For the older children, board games for speech therapy at home are great. I think using regular games helps kids to feel less singled out, it’s usually cheaper than buying specialist resources.
Board games have long been a staple of childhood development. There’s a host of academic functions being put to use when our children play board games.
Whether it’s reading the cards for the next clue, or drawing crazy pictures to describe a word or sentence, the best board games for speech therapy all have a little bit of educational value tucked inside the good-hearted competition of the game.
Youngsters are encouraged to recognize numbers on the dice and put their counting skills to use as they count off the number of paces they can move. Many popular board games let us put our math skills to use to count up all our money and see who’s winning!
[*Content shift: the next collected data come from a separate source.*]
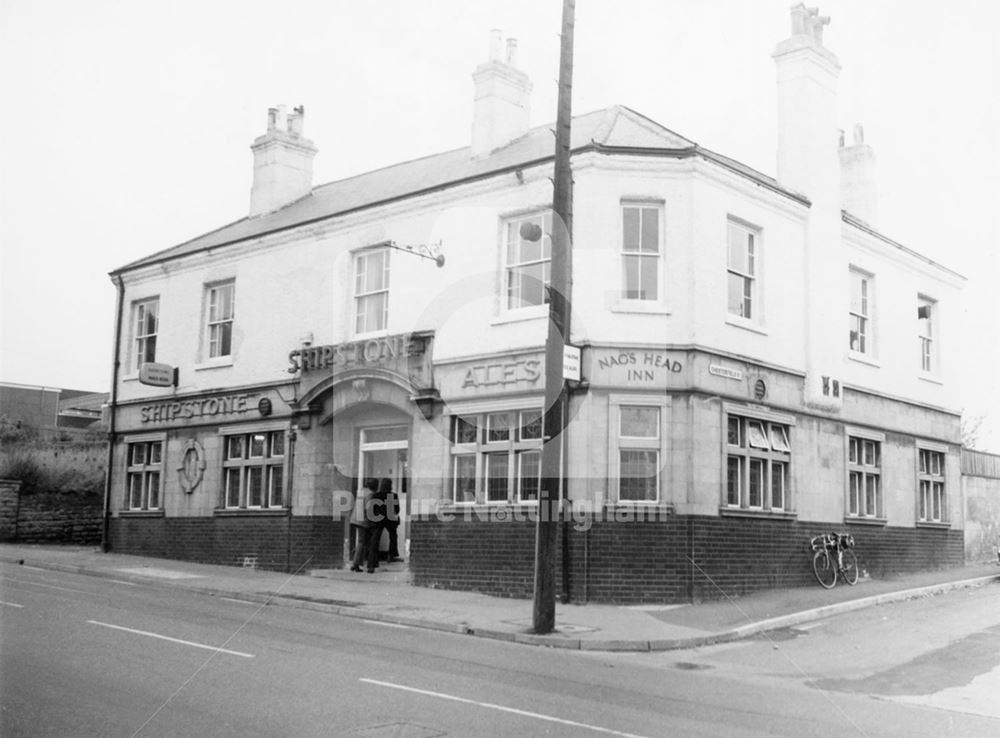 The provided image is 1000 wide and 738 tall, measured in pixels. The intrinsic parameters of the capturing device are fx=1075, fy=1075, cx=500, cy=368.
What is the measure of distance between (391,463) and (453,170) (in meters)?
6.05

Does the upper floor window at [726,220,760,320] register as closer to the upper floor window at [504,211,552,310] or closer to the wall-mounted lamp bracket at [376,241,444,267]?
the upper floor window at [504,211,552,310]

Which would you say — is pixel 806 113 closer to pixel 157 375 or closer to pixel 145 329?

Board games are also great for developing your child’s social skills and manners. Every child will at some point have an absolute meltdown if they don’t win, but eventually they will come to terms with fair play, honesty and the value of playing just for fun. Learning to take turns, share and be a good sport all come from a night of playing games with the family.
Some of the best board games for speech therapy on the market today are the same ones you played when you were a kid, so you may recognize some of the names below.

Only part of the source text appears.